Are there any other commitments or ventures where I could be experiencing a higher return on my time and energy?
Sometimes company owners realize they’d like to step back from their company and spend more time with their family. Sometimes they may feel inspired to start a new business venture, born of the knowledge and experience of their current venture. Sometimes they may decide that they’d like to run for public office. In all cases, these owners must determine if they are going to use their successful business as a platform for growth and expansion or as a support vehicle for their other endeavors.
Stage 4: Identify expansion
If a company owner decides to go the direction of growth, then the expansion phase brings the new priority of rapid expansion and means of financing that expansion. The key concerns of expansion-minded owners include:
Are there responsibilities that can be delegated to managers or other personnel? Can we maintain the effectiveness of management during rapid growth? Owners must be able to delegate tasks as the company becomes increasingly complex and as demands scale with the business.
Will there be enough cash to support the high demands that expansion brings? Answering “no” to this question comes with a whole host of undesirable outcomes, including making rushed and desperate investments, collecting too much debt, or just burnout.
Companies in the “identifying expansion” stage are fully developed: They have departments or divisions and separations between sales and production, and the organization is decentralized.
The company is at a pivotal point: Ownership that can effectively navigate the rapid growth phase can find themselves in big business. If not, the company may scale back to become a sustainable, smaller-scale company, or it may even be sold off. Also on the table: New company ownership or creditors may opt to remove the original owner or entrepreneur and replace them with management talent that steers the expansion phase.
Stage 5: Reach maturity
Companies in the maturity phase have successfully scaled, and now their primary focus is on consolidating revenue gains from rapid expansion and maintaining the young spirit. Mature companies have done their strategic planning, have a talented management team, and have separated ownership from the company, both financially and operationally.

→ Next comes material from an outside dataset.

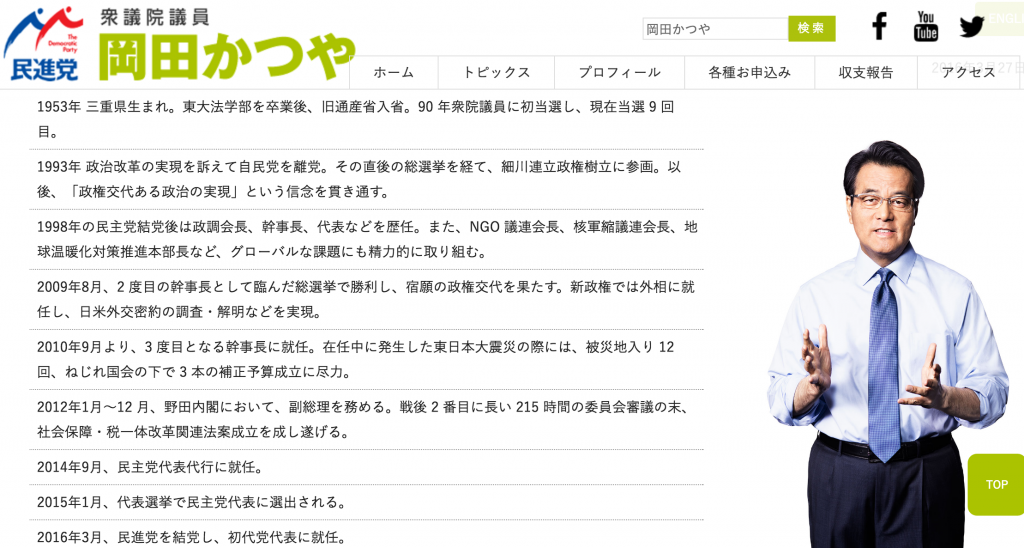 (岡田代表のHPより)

The biggest risks of companies at this phase are entering a low-risk state of sustainability and neglecting innovation in the process, a state called ossification. Mature businesses must remain adaptive, anticipating market changes and using their market share to affect market changes.
As you join a growing business or start your own business, keeping this framework in mind will help you prepare for every phase of your growth and eliminate the biggest obstacle in entrepreneurship—uncertainty. Taking control of your company’s future is as simple as knowing what to expect as you grow.